83% of French people do not know what Fintech is and yet ...

For this article, we might as well start at the beginning: what is a FinTech? This word is the contraction of the words "Financial" and "Technology". Invented by our Anglo-Saxon friends, it can be translated into French as “Financial Technology”.… But still?

Technological innovation, agility and the ability to offer customers better and cheaper services: this is what qualifies FinTechs and differentiates them today from traditional banks. Their field of action extends from alternative financing of companies to online payment, including savings management, loans, bank account aggregators, etc. "A real complete ecosystem has emerged" announces Alain Clot, president of France Fintech 2016.

FinTechs generally offer a technological break from what has always existed in order to improve the user experience. For the record, 2015 would be the year when FinTech became mainstream (KPMG) with an explosion in the amounts invested in startups in the sector, then followed by the big established players in finance. Since that year, investments in FinTech have steadily increased to reach 365 million euros in France against only 5 million in 2010.

To better understand the wide range of FinTechs, let's try to understand the differences between FinTechs on the market and what they offer to meet customer demands:

  • B2C Fintech that are aimed at consumers.

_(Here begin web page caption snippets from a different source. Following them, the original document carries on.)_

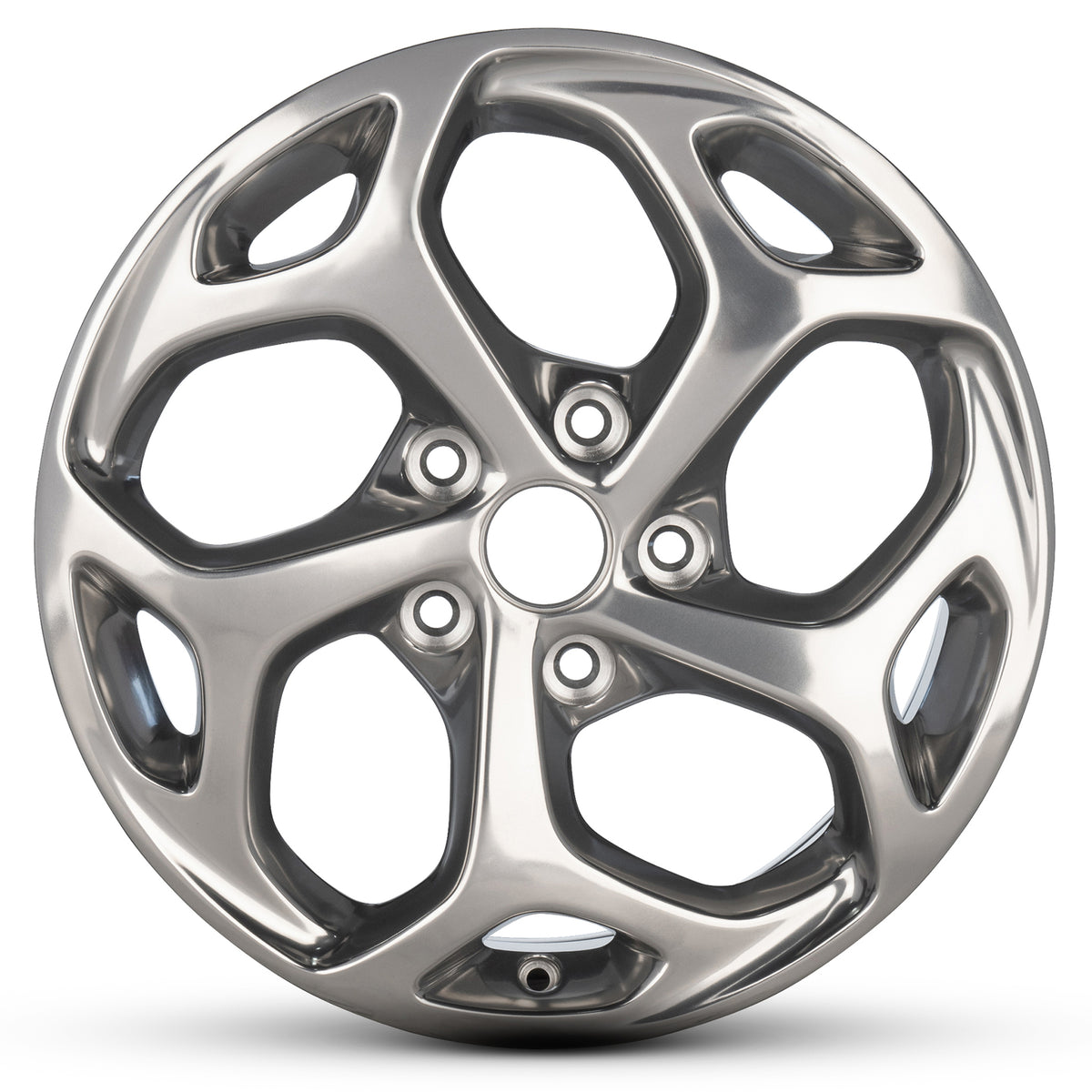 2020-2024 18x7.5 Chrysler Pacifica Genuine OEM Alloy Wheel
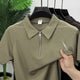 Turbo Sport Passion Men's Polo Shirt In Sage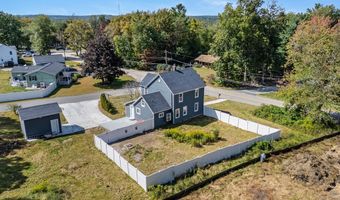 219 Prospect St, Auburn, MA 01501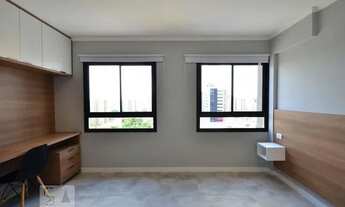 Imagem 3: Apartamento para Aluguel - Saúde, 1 Quarto, 25 m2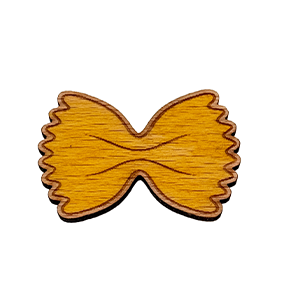 Farfalle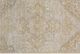 Feizy Aura Gold/Gray 5' x 8' Rug-1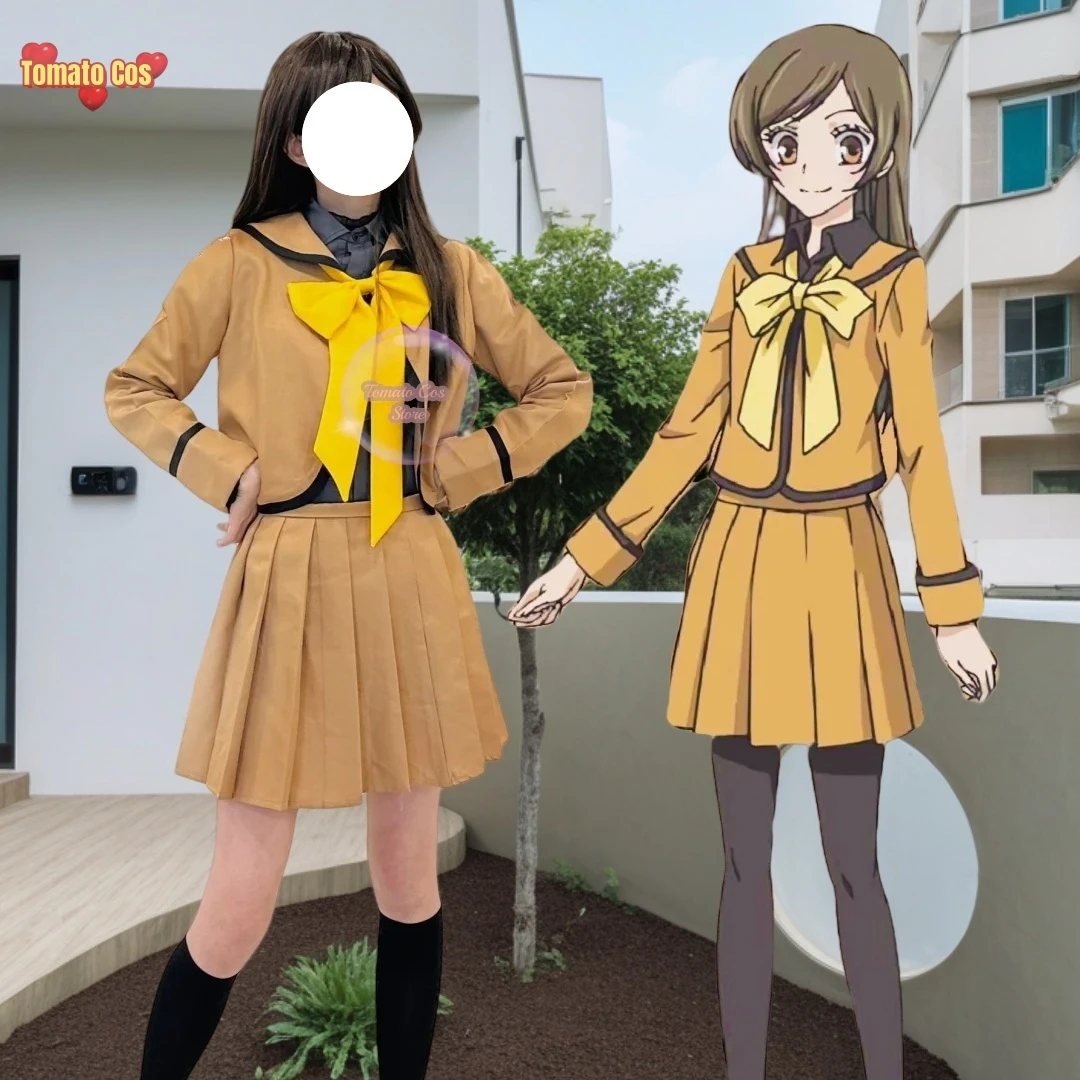 Косплей-костюм из аниме Nanami Momozono, косплей-костюм камисама Love Kiss Nanami, косплей для девочек JK, школьная форма, наряд, женские милые костюмы
Косплей-костюм из аниме Nanami Momozono, косплей-костюм камисама Love Kiss Nanami, косплей для девочек JK, школьная форма, наряд, женские милые костюмы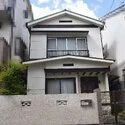 高槻市城南町４丁目 外観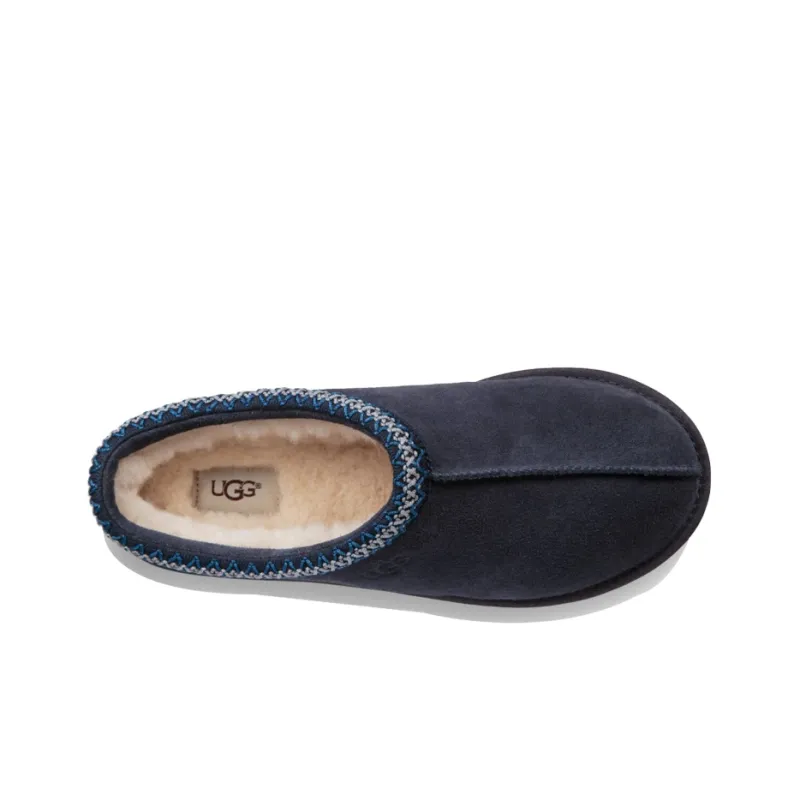 UGG Tasman Slipper True Navy-4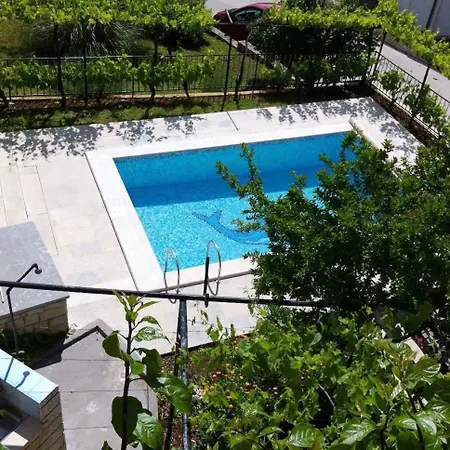 Pula, Istria 18 Apartamento Pula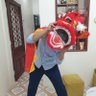cuti's profile picture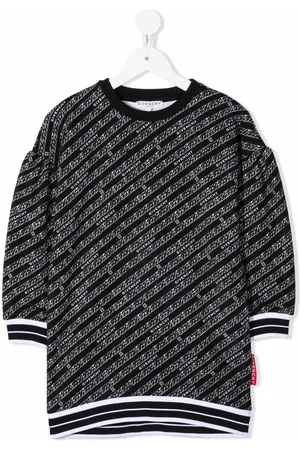 Givenchy Logo-print casual dress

These are often digital banks, payment applications or management solutions for individuals (personal finance, wealth).

Example: 100% digital “neobanks”, without an agency, which offer an account and a rechargeable payment card at low costs (Nickel Account, Morning, N26), online money pools like Leetchi or LePotCommun, payment applications like Lydia or personal finance management (Bankin, Linxo), as well as wealth management tools (dashboard like Grisbee) or automated investment (robo-advisors).

  • B2B Fintech with financial services targeting companies of all sizes, SMEs or large accounts. These fintechs offer, for example, factoring, currency transfer or prepaid cards for business expenses and expense reporting.

  • Fintechs serving as intermediaries between project leaders and investors who can be professionals or individuals. This is the case with fundraising platforms (crowdfunding, donations). Example: crowdfunding in donations with or without rewards (KissKissBankBank, Ulule), crowdlending (loans to SMEs, like Lendix or Lendosphere) and crowdequity (capital financing, like Sowefund)

  • Fintechs specializing in a very specific field such as insurance (Insurtech) or bank regulatory compliance (Regtech). Example: from comparator, like Fluo, to collaborative insurance like Inspeer or Otherwise, and 100% digital health insurance, like Alan; in customer knowledge or “KYC” in the jargon) like Fortia or Neuroprofiler.

  • Or fintechs that offer services for other fintechs or companies that want to sell online payment services such as Programme Managers (E-Pay Space).

This list is not exhaustive, but it gives a good idea of the incredible pool of opportunities and growth potentials that this new market opens up.

« Few people know what a FinTech is ... Yet many people use them without knowing it »

Today in your daily life, you unwittingly use many services available thanks to FinTech. Indeed, we are more and more accustomed to accessing instant and personalized services: fast and personalized customer services, intuitive and easy-to-use applications to transfer money or even the provision of prepaid cards or of electronic purses. Today, FinTechs and Neobanks capture more than a third of account openings. In fact, according to the ACPR by 2020, the number of FinTech customers will have tripled in three years to reach 13.3 million.

This attraction for these new services can be explained by several factors:

• The dematerialization of means of payment with a rise in the use of electronic money

• Lower costs: for example, a FinTech is on average 80% cheaper than a traditional bank (on the part of the Neobanks)

• Flexibility and speed: reduced deadlines, real-time money transfers, enough to appeal to more than one user

« An explosion of activity in perspective »

As we have seen, by 2020, the regulatory authority in France (the ACPR) provides for a tripling of online account openings, and uses will become more democratic. Investments in the world are also on the rise with 111.8 billion dollars in 2018, i.e. a growth of 120% compared to 2017 and will not stop increasing in the years to come. Technological innovations, combined with strong regulatory changes, will boost activity.

Experts plan for 2019 an intensification of the consolidation process, particularly in financing and payments, which will push fintechs to internationalize and therefore to innovate to offer new solutions for their users. The trends are on the rise and we can predict a very dynamic future for FinTechs!